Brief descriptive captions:
══════

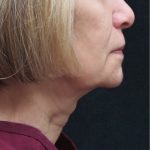 Levinelift Before & After Patient #2008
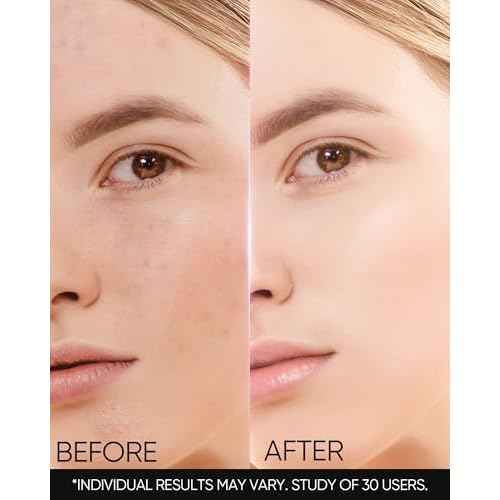 MSH Niacinamide Brightening Cream,Fades Dark Spots, Evens Skin Tone, Tranexamic Acid, ¥á-Arbutin, 5X Ceramides, Centella Asiatica, Suitable for Oil skin, 1fl.oz / 30g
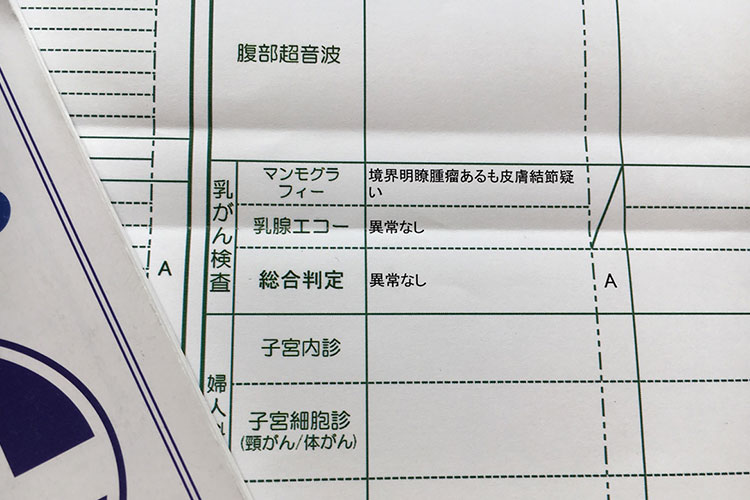 画像検査・精密検査画像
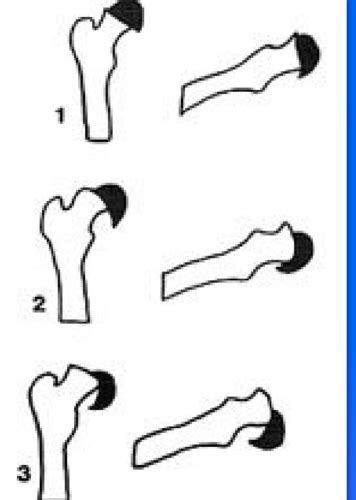 Fracture Classification Flashcards Quizlet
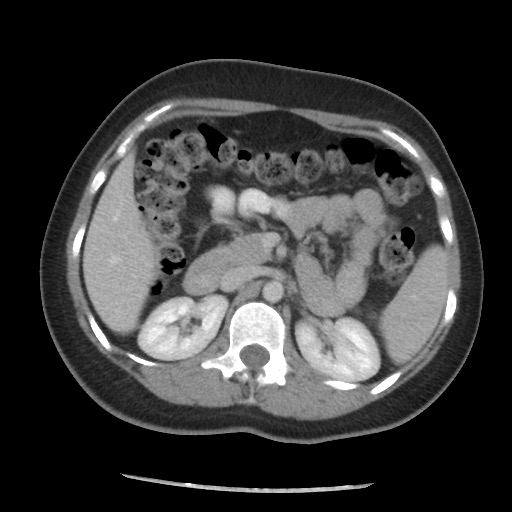 File:Borderline mucinous tumor (ovary) (Radiopaedia 78228-90808 A 80).jpg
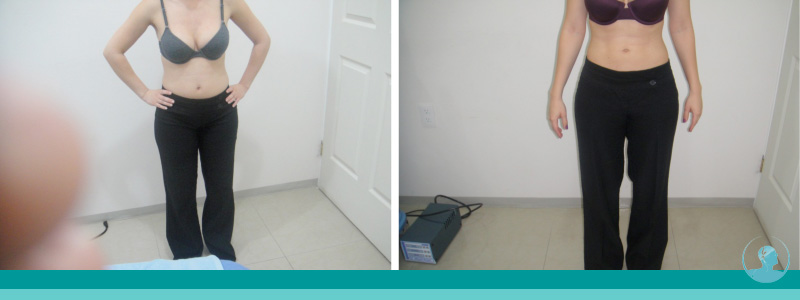 Testimonio Belleza
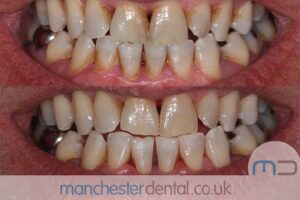 strain removal-manchester dental gallery (2)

══════

» **EXERCISE PROMPT**: Write out again only the lines from the line that contains "File:Borderline mucinous tumor" through the last line of the records, both ends included, without any of the pictures.

» **TASK ANSWER**:
 File:Borderline mucinous tumor (ovary) (Radiopaedia 78228-90808 A 80).jpg
 Testimonio Belleza
 strain removal-manchester dental gallery (2)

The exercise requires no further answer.